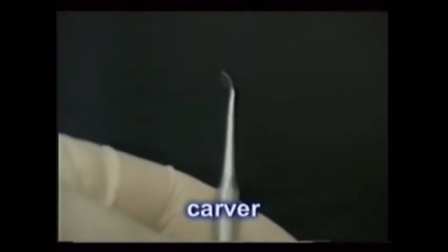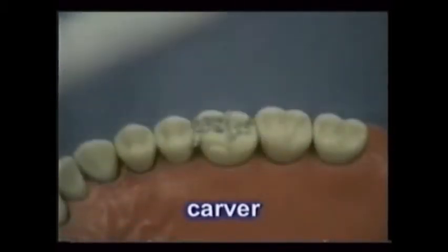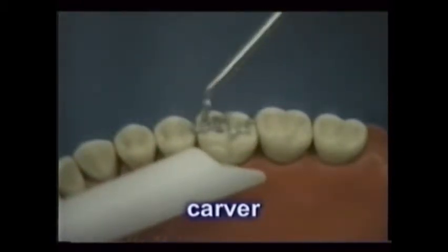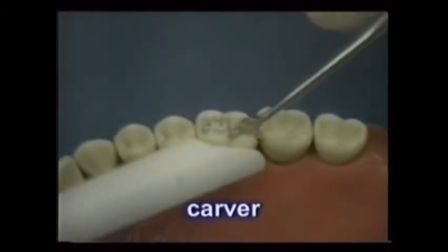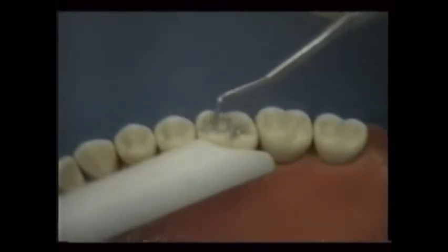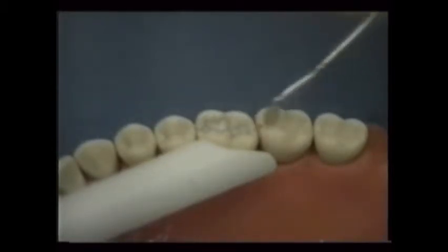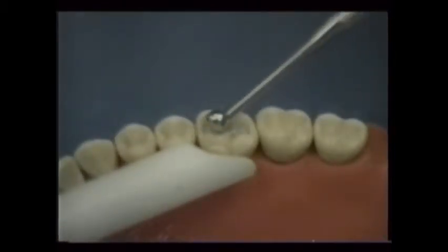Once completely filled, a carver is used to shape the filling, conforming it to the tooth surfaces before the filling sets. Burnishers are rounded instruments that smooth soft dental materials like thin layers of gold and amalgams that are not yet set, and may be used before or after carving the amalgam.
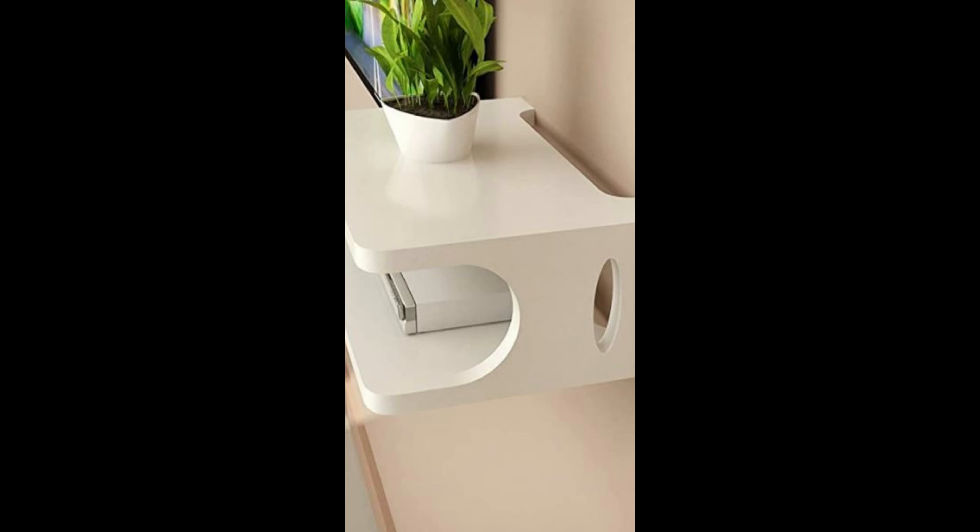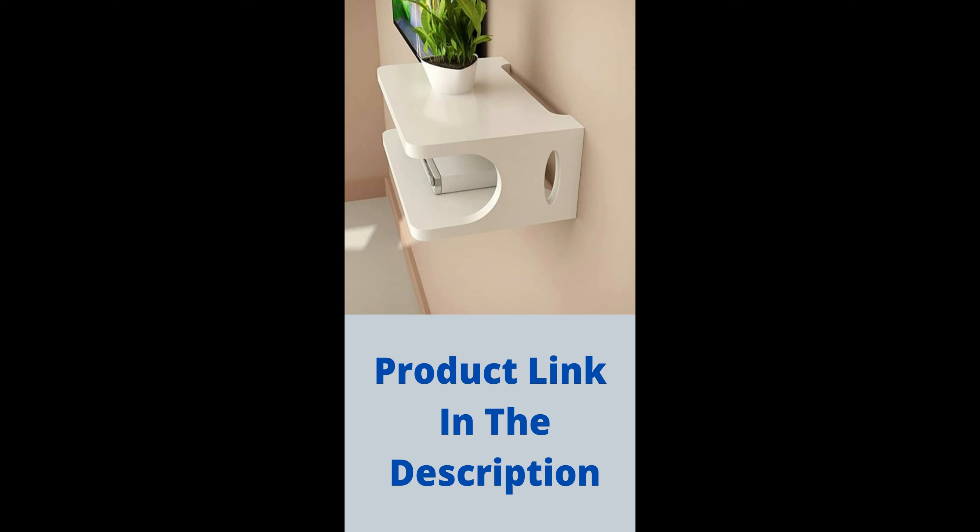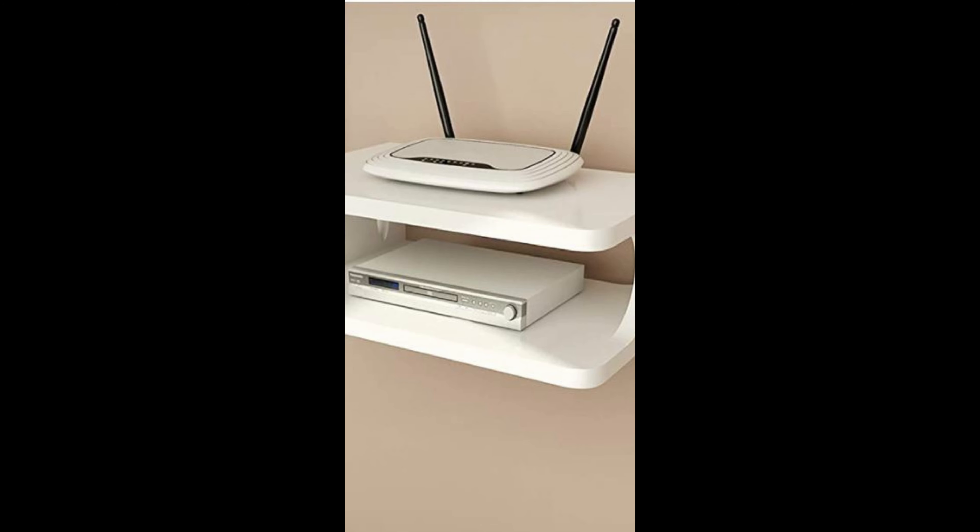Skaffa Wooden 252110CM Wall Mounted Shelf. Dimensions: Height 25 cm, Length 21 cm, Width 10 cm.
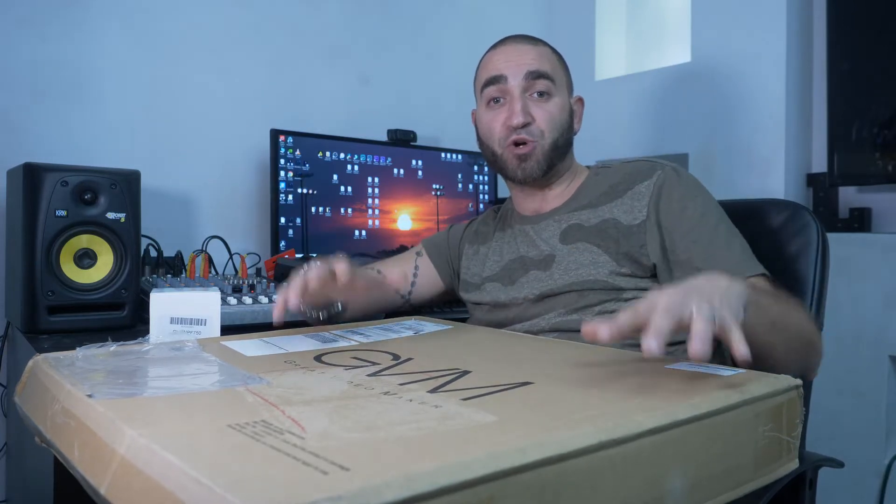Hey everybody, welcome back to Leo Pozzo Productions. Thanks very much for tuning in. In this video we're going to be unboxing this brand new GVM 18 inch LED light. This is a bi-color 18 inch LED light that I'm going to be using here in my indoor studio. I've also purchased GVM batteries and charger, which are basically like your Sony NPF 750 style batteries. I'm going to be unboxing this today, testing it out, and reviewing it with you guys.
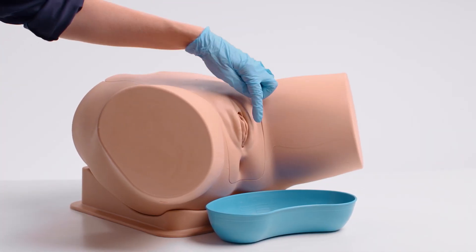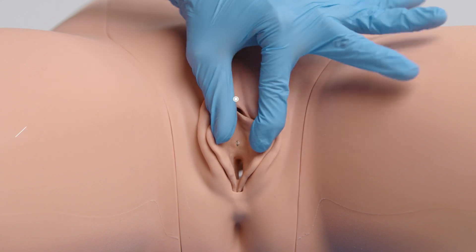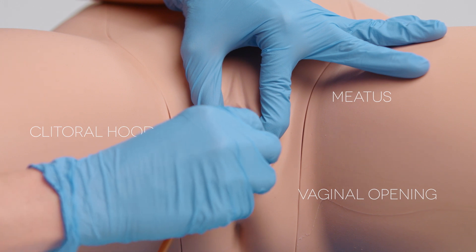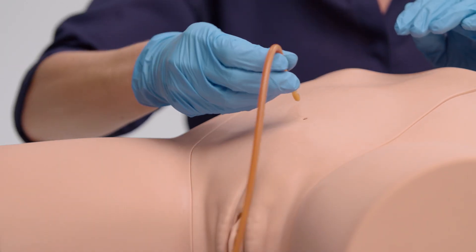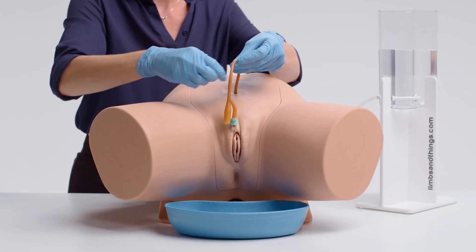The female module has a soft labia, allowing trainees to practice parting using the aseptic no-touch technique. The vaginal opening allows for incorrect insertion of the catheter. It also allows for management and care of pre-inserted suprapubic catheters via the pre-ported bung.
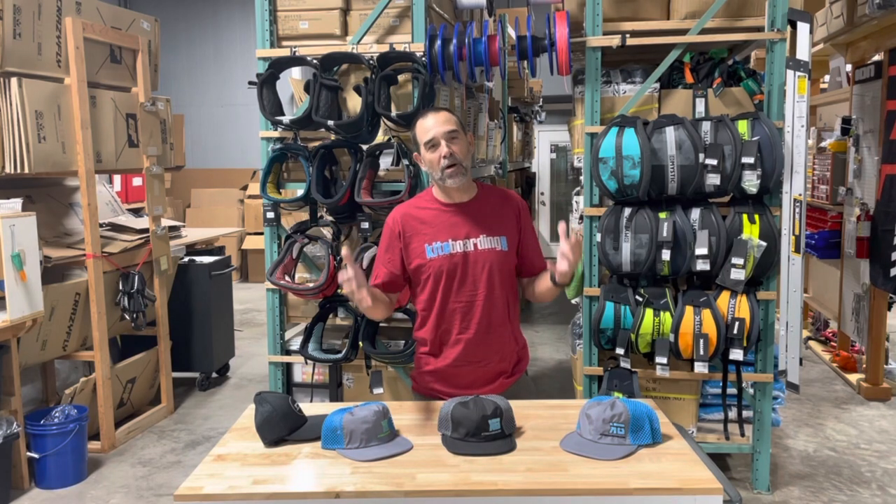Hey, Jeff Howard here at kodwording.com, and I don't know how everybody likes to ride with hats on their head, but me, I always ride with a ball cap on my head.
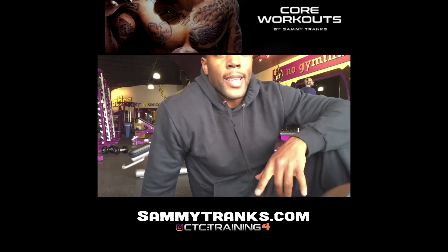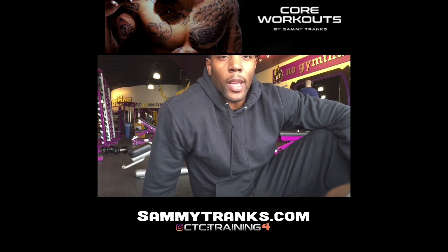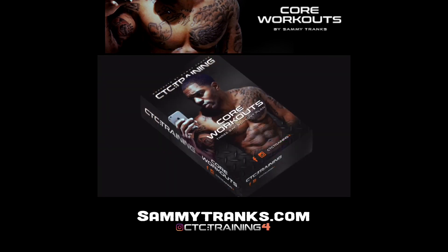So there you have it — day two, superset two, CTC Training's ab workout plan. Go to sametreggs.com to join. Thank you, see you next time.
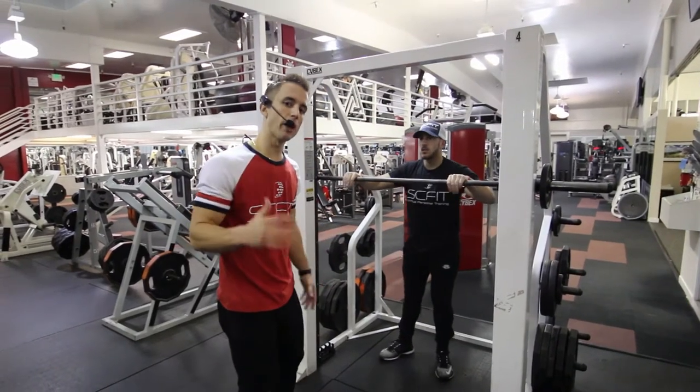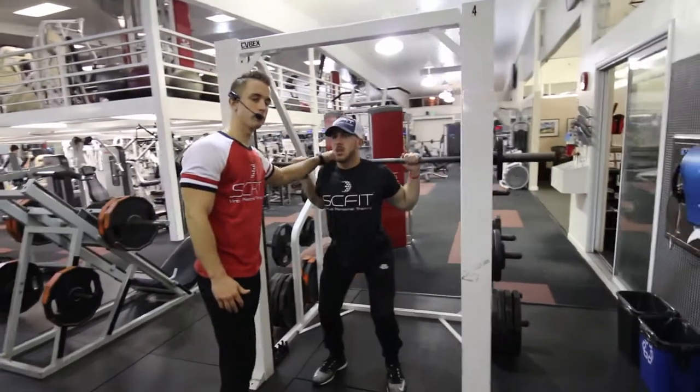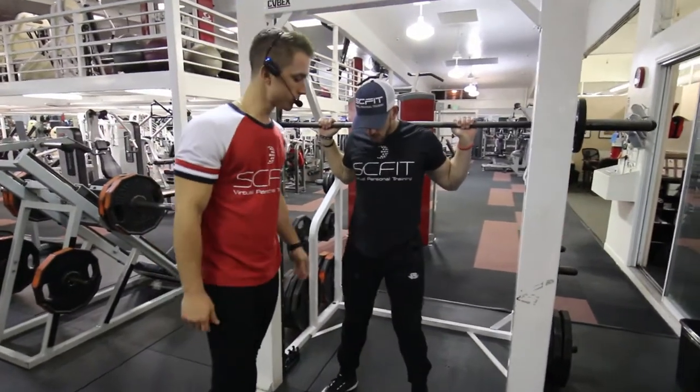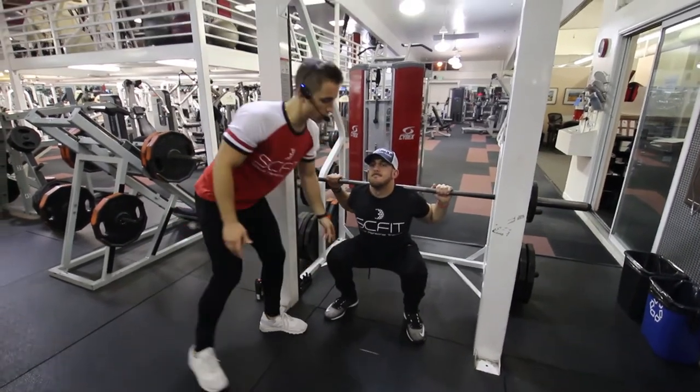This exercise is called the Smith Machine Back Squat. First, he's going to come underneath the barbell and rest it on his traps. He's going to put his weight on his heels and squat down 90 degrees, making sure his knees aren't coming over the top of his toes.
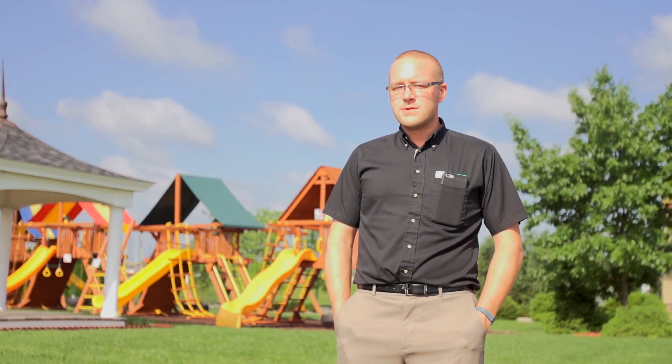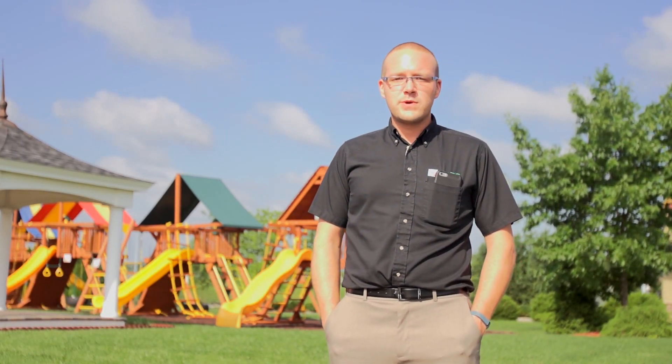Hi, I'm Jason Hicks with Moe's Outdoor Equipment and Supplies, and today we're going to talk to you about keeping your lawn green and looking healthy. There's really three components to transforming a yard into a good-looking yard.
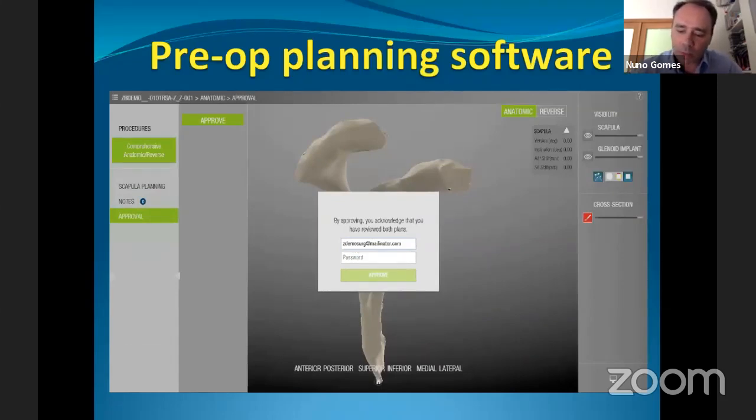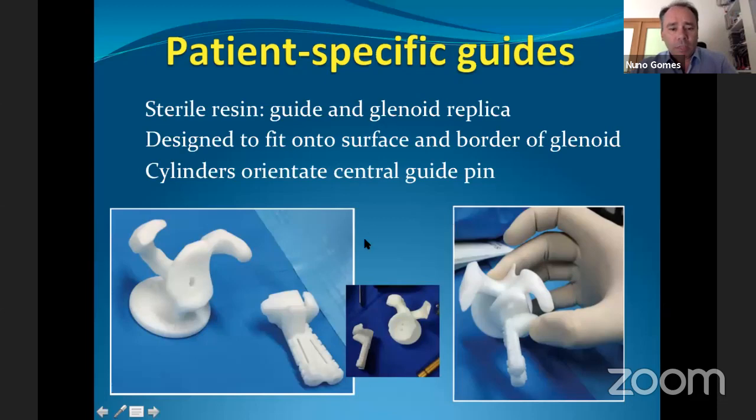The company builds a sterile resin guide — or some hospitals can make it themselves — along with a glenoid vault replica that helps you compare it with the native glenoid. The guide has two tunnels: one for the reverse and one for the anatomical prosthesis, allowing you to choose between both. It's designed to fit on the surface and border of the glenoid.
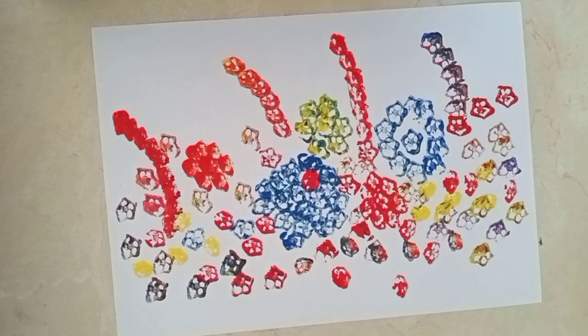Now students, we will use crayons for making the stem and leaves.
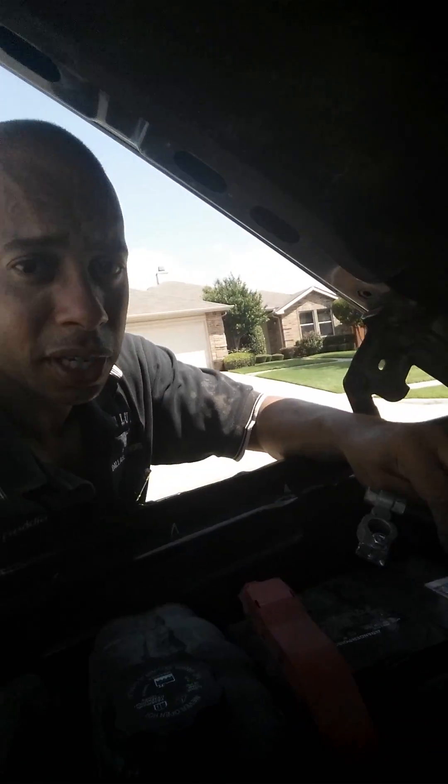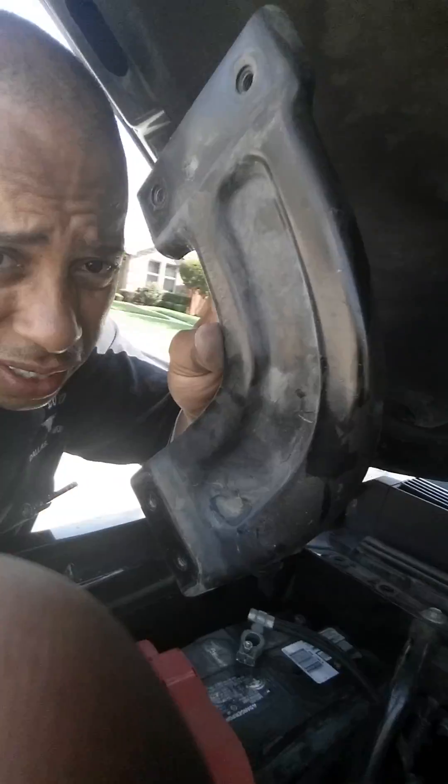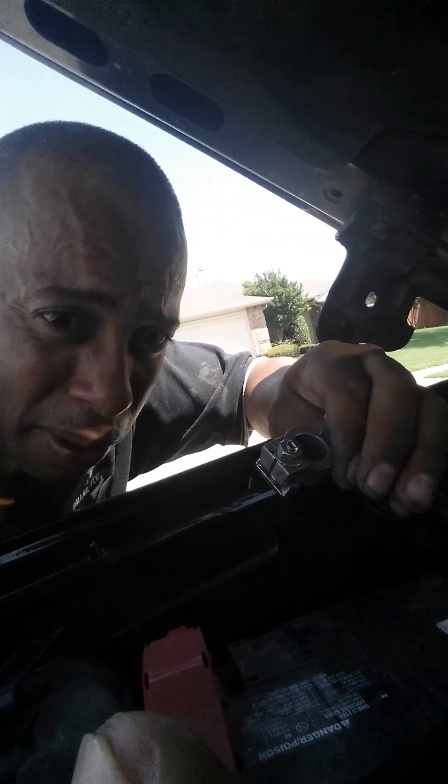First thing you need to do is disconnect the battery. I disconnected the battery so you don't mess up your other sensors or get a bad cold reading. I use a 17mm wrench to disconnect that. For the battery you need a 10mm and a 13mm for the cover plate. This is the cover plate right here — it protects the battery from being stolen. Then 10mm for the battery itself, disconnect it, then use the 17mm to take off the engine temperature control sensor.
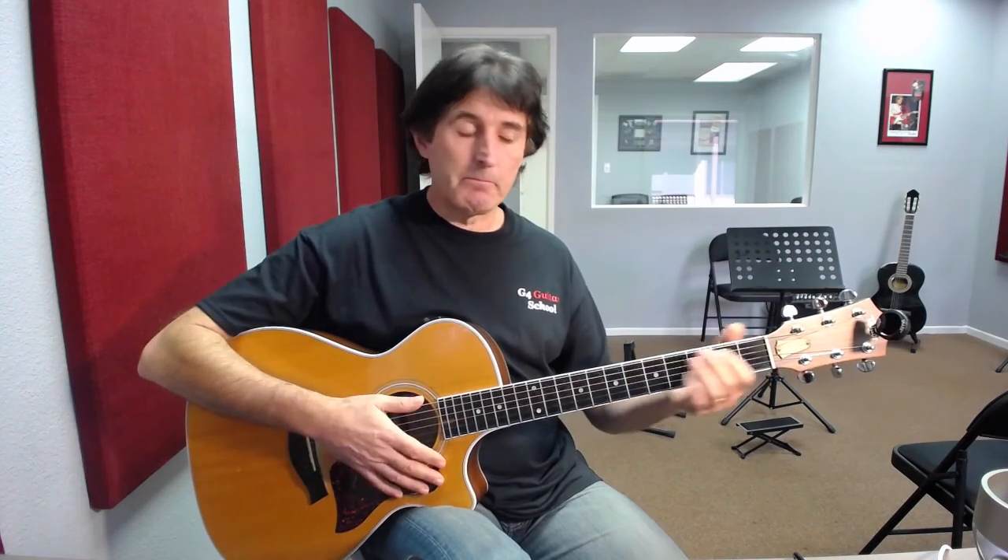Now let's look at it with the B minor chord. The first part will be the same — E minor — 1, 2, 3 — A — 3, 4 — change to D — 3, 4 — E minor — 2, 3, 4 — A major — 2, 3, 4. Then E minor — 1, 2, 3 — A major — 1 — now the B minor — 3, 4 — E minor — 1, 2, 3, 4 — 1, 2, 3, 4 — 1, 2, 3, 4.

——————

### Assignment
All lines from the first in the listing above to the line containing "Hey, Jeff Howard", inclusive, go in the output exactly as they are; no pictures go in.

### The answer
Once completely filled, a carver is used to shape the filling, conforming it to the tooth surfaces before the filling sets. Burnishers are rounded instruments that smooth soft dental materials like thin layers of gold and amalgams that are not yet set, and may be used before or after carving the amalgam.
Skaffa Wooden 252110CM Wall Mounted Shelf. Dimensions: Height 25 cm, Length 21 cm, Width 10 cm.
Hey everybody, welcome back to Leo Pozzo Productions. Thanks very much for tuning in. In this video we're going to be unboxing this brand new GVM 18 inch LED light. This is a bi-color 18 inch LED light that I'm going to be using here in my indoor studio. I've also purchased GVM batteries and charger, which are basically like your Sony NPF 750 style batteries. I'm going to be unboxing this today, testing it out, and reviewing it with you guys.
The female module has a soft labia, allowing trainees to practice parting using the aseptic no-touch technique. The vaginal opening allows for incorrect insertion of the catheter. It also allows for management and care of pre-inserted suprapubic catheters via the pre-ported bung.
Hey, Jeff Howard here at kodwording.com, and I don't know how everybody likes to ride with hats on their head, but me, I always ride with a ball cap on my head.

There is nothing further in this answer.